*** Opening Data for review ***

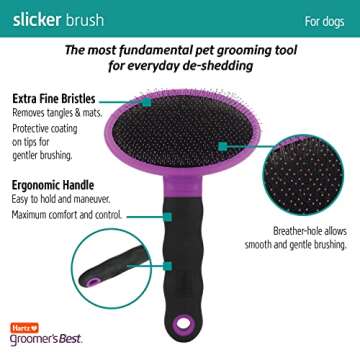 Hartz Groomer's Best Deshedding Slicker Dog Brush, Black/Violet, Dogs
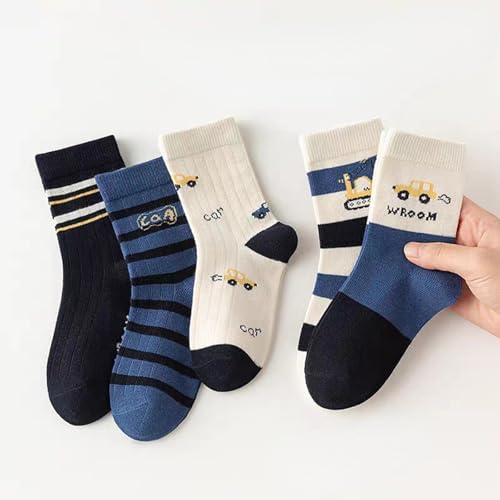 5 Pairs Thick Warm Fleece Winter Socks for Boys 1 to 16 Years, Cute Cartoon Car Bear Dino Crew Socks for Kids3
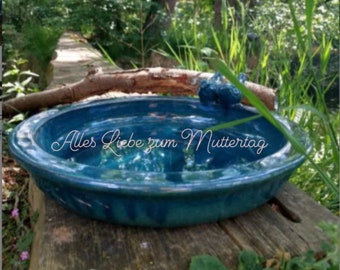 Large bird bath ceramic petrol 2 sizes, bird decoration, garden decoration, bird house, bird fountain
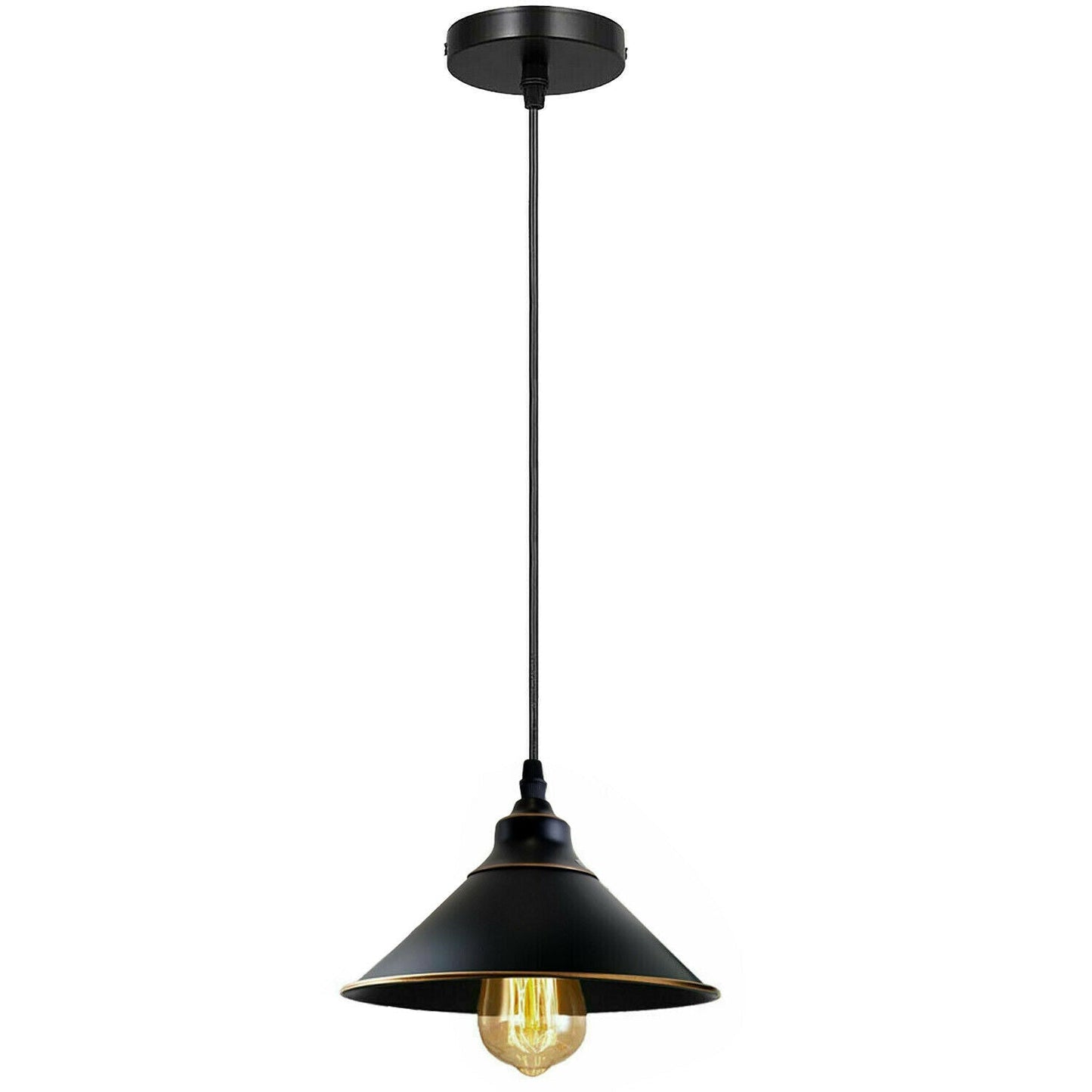 Industrial Vintage Ratio single head Round Black cone Ceiling Pendent lights E27 Holder Chandelier~3709-1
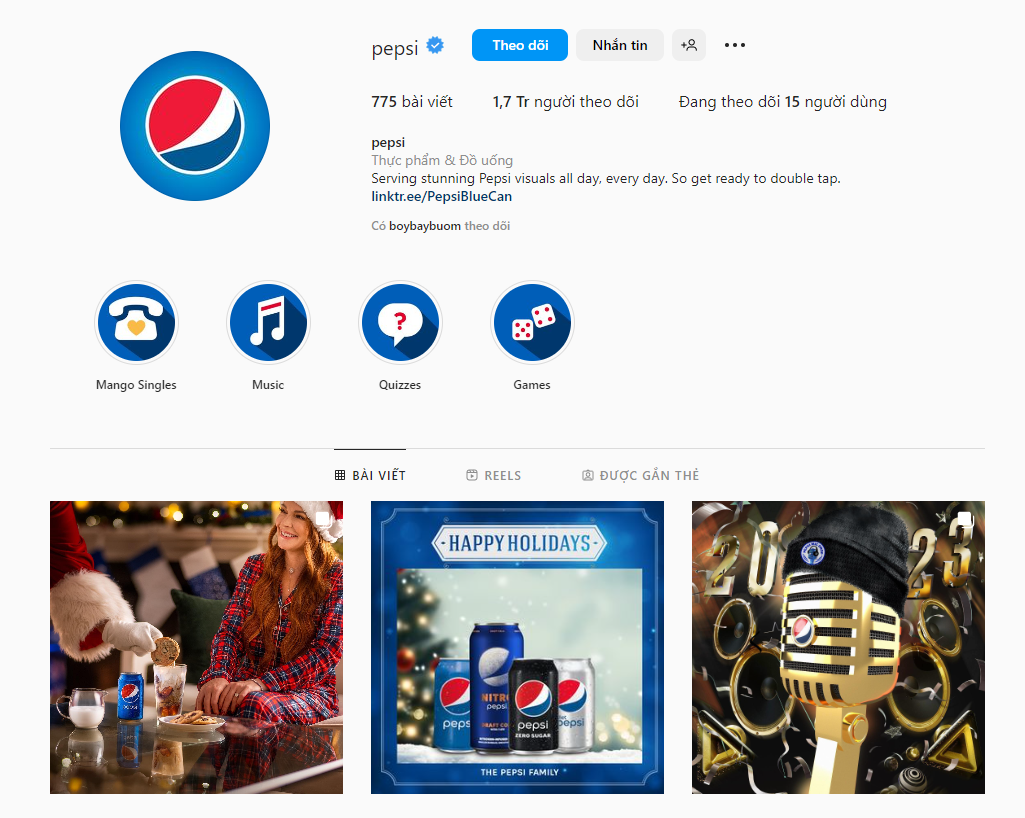 Instagram của Pepsi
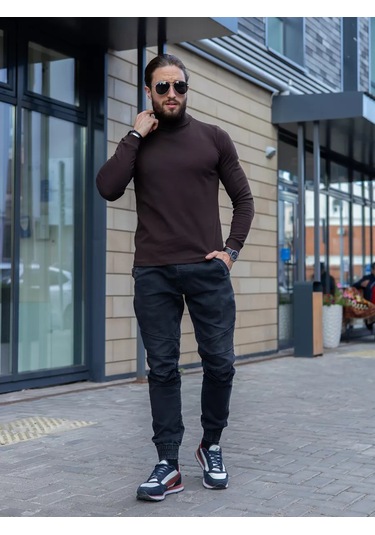 Diona Yüksek Yakalı Kazak 15350425 Kahverengi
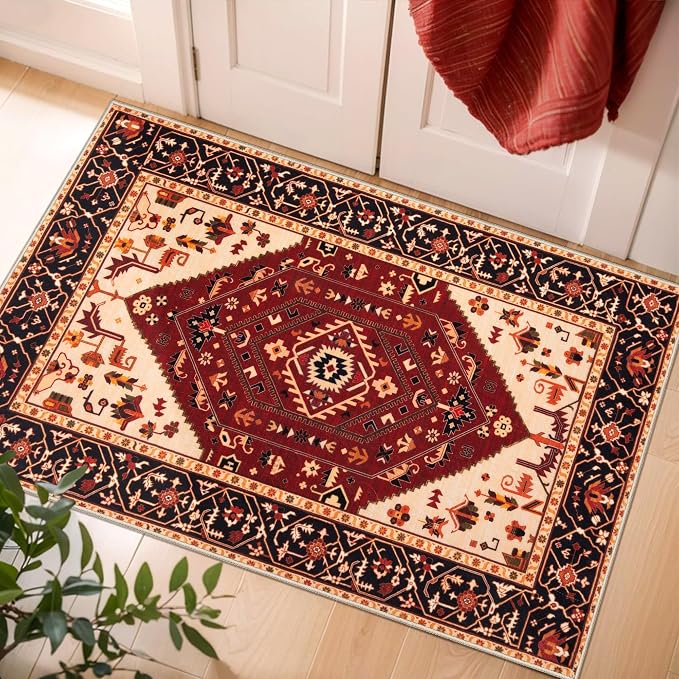 SERISSA 2x3 Washable Non Slip Boho Small Area Rug by SERISSAHomeDecorCollection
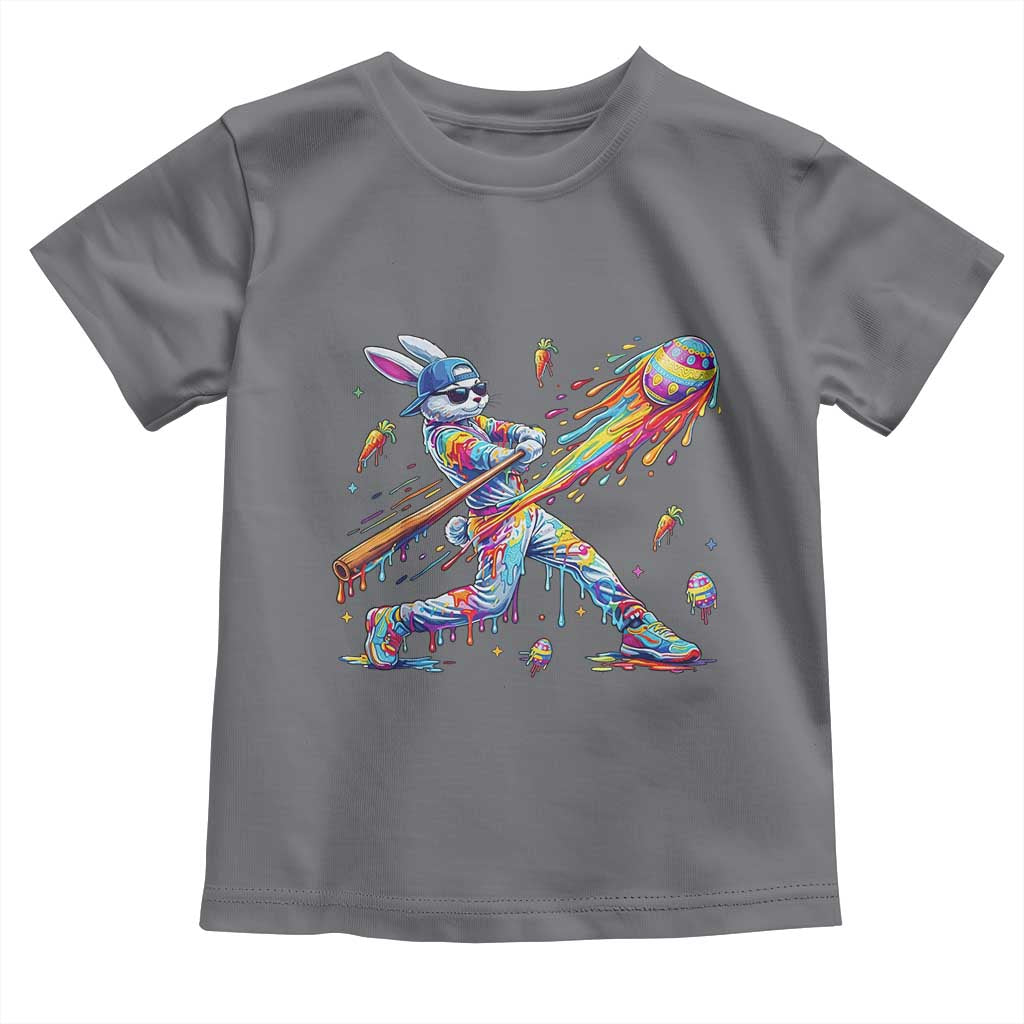 Cool Easter Bunny Baseball Player Neon Paint Splash Graphic Toddler T Shirt Funny Rabbit Sports with Egg Bat Hit Gift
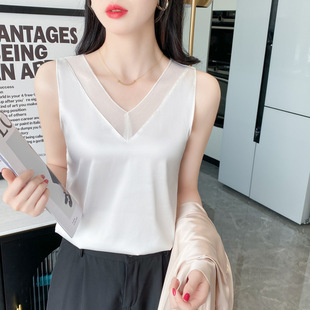 Summer base suit, white silk top with cups, tank top, lifting effect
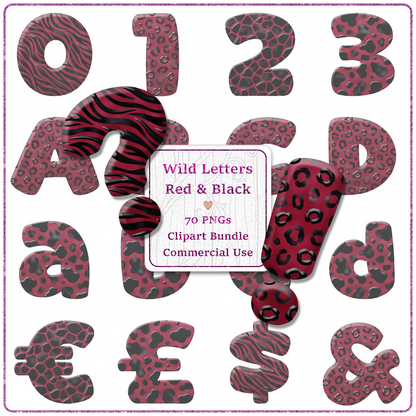 Red Animal Print Letters & Numbers Clipart Bundle 70 PNGs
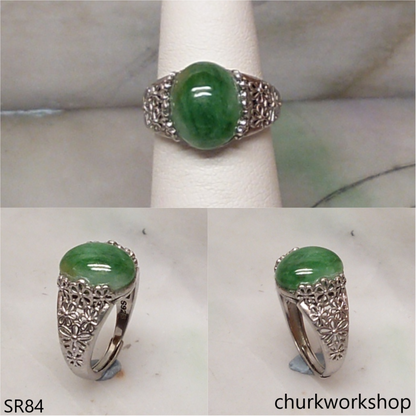 Green jade oval sterling silver ring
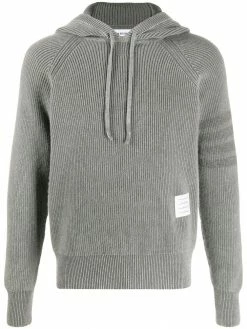 Thom Browne cashmere knit hoodie with sleeve stripe detail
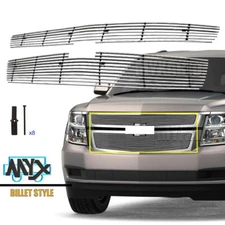 Front Upper Grille Fits 2015-2020 Chevy Suburban/ Tahoe Chrome Grill Combo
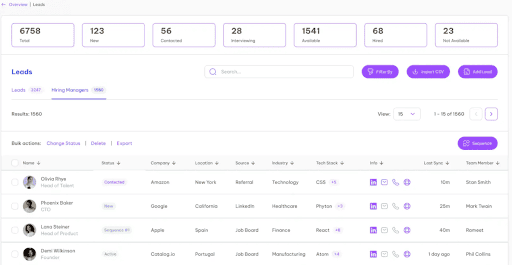 AI-driven recruitment platform interface showcasing lead data management features, emphasizing efficiency in applicant tracking, data filtering, and integration with various job portals.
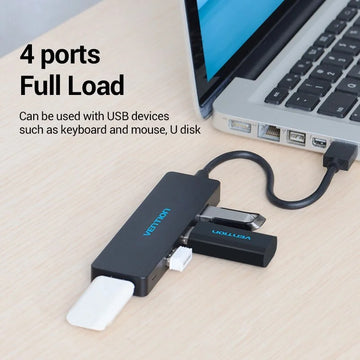 usb 30 hub 4-port | aluminum alloy usb splitter | high-speed data transfer hub | energy saving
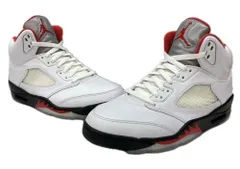 ナイキ NIKE 19年製 AIR JORDAN 5 RETRO FIRE RED エア ジョーダン レトロ ファイア レッド AJ5 シューズ 白 赤 黒 DA1911-102 メンズ靴 スニーカー ホワイト 27cm 104S-1084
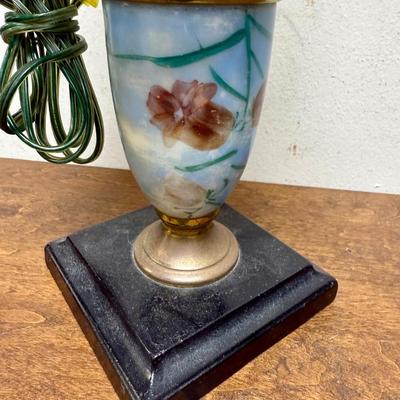 Sale Photo Thumbnail #353: Approx. 14" tall. Tested, works as expected. Antique Electrified Oil Lamp - Asian Inspired - Cast Iron Base - Oil Burning Lamp - Early 1900s - Victorian Lamp - Hurricane Lamp.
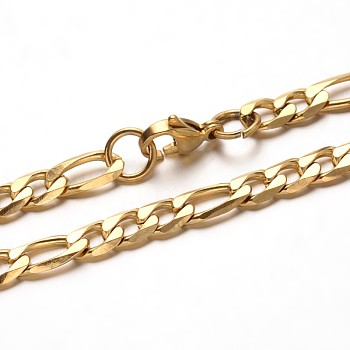 Trendy 304 Stainless Steel Figaro Chain Bracelets, with Lobster Clasps, Faceted, Golden, 8-1/8 inch(205mm)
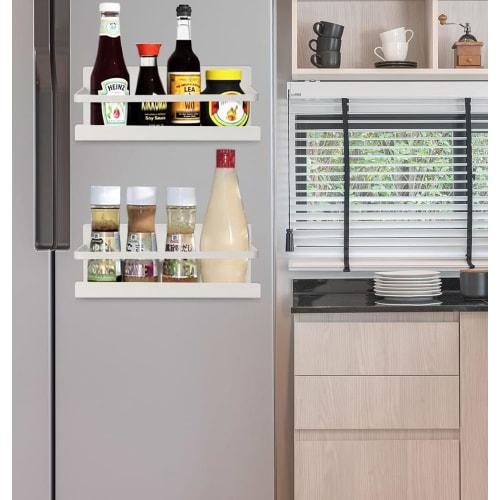 Magnetic Condiment Rack, Refrigerator Rack, Kitchen Rack, Bathroom Spice Rack, Magnetic Shelf, Magnetic Storage, Washing Machine Storage, Set of 2 Sup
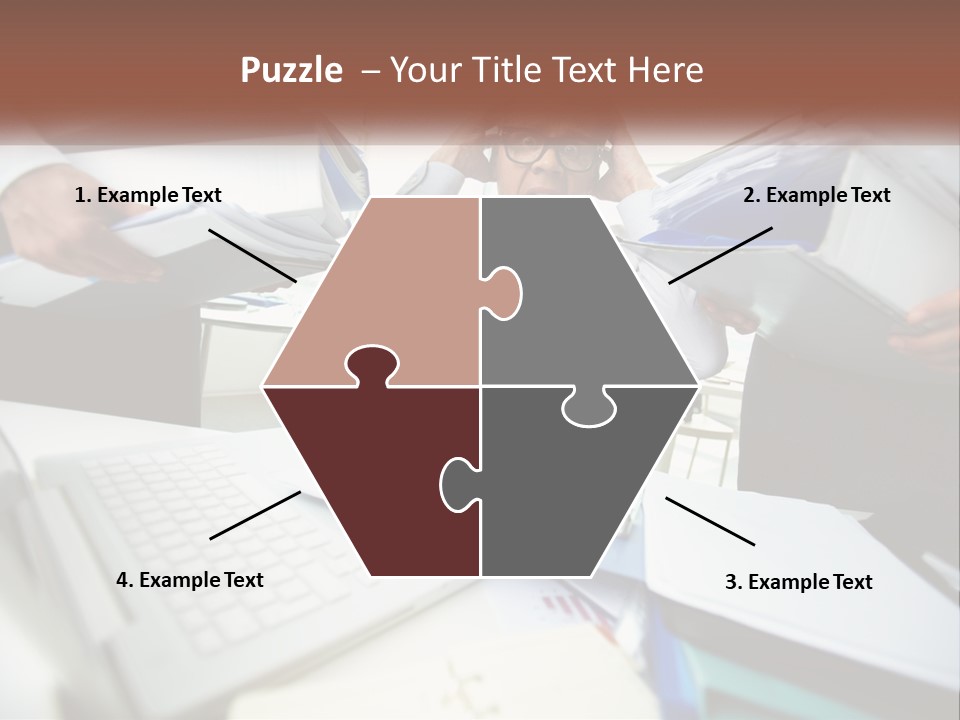 A Man In A Tie Is Surrounded By Files PowerPoint Template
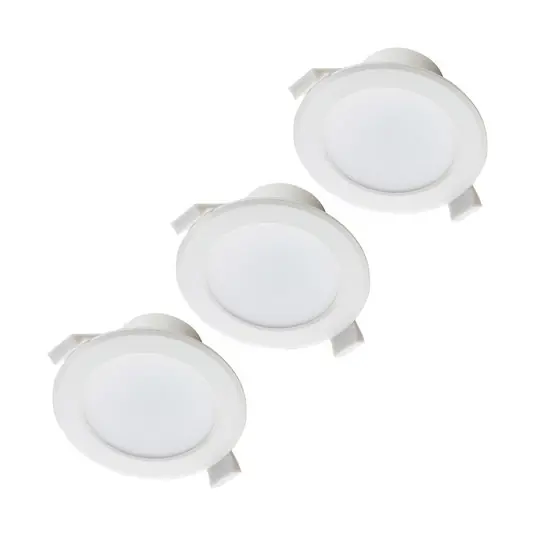 Prios LED süllyesztett lámpa Rida, 3 darabos szett, fehér, 19cm, CCT, IP44 Kedvezményes ár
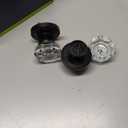 SORWDUERM Black Door Knobs Crystal Door Knob Passage Door Knobs Matte Black Interior Glass Door Knob for Hall and Closet 2 Pack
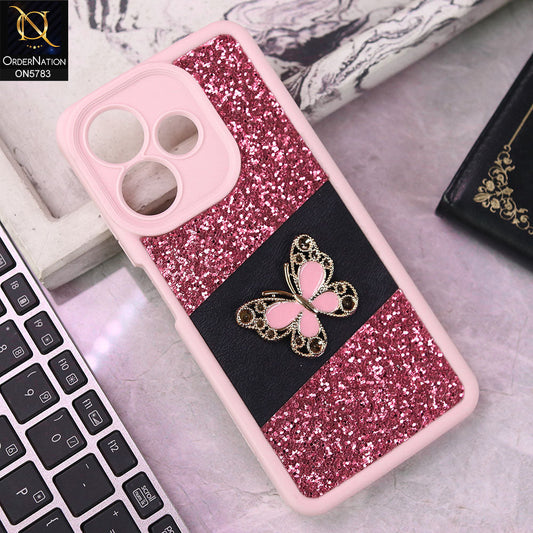 Oppo A5 Pro 5G Cover - Pink -  New Luxurious 3D Bling RhineStone Gliter Case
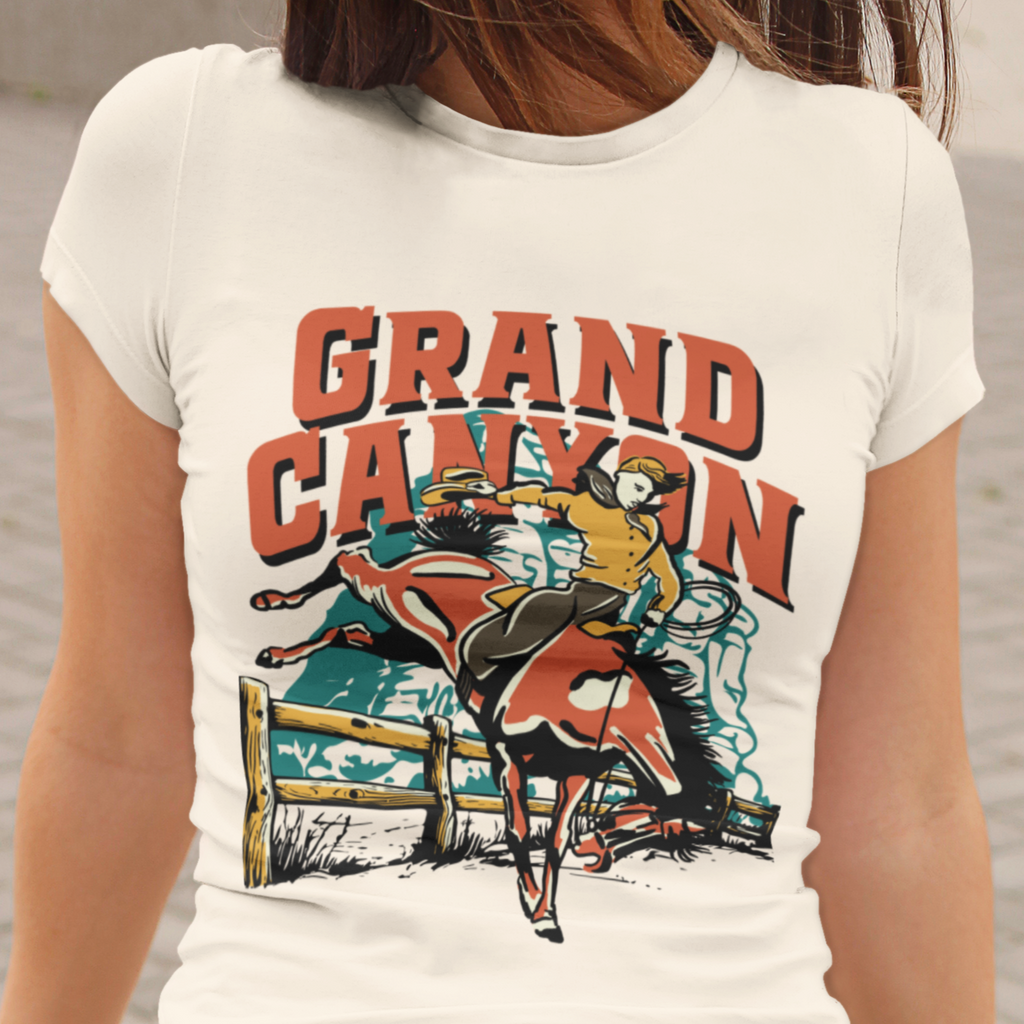 Grand Canyon Cowboy Ladies Cream T-shirt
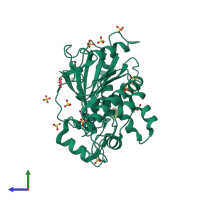 PDB entry 6r8p coloured by chain, side view.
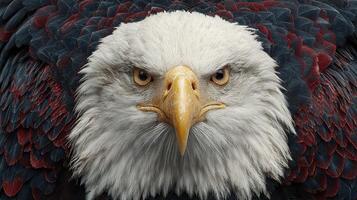 Majestic bald eagle showcasing fierce expression with detailed plumage in natural habitat photo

*** Closing Data for review ***

■ **What to produce**:
Leave out every picture, and copy exactly the lines above starting at the one holding "Industrial Vintage Ratio" and ending at the one holding "Red Animal Print", no more and no less.

■ **Reply to the exercise**:
 Industrial Vintage Ratio single head Round Black cone Ceiling Pendent lights E27 Holder Chandelier~3709-1
 Instagram của Pepsi
 Diona Yüksek Yakalı Kazak 15350425 Kahverengi
 SERISSA 2x3 Washable Non Slip Boho Small Area Rug by SERISSAHomeDecorCollection
 Cool Easter Bunny Baseball Player Neon Paint Splash Graphic Toddler T Shirt Funny Rabbit Sports with Egg Bat Hit Gift
 Summer base suit, white silk top with cups, tank top, lifting effect
 Red Animal Print Letters & Numbers Clipart Bundle 70 PNGs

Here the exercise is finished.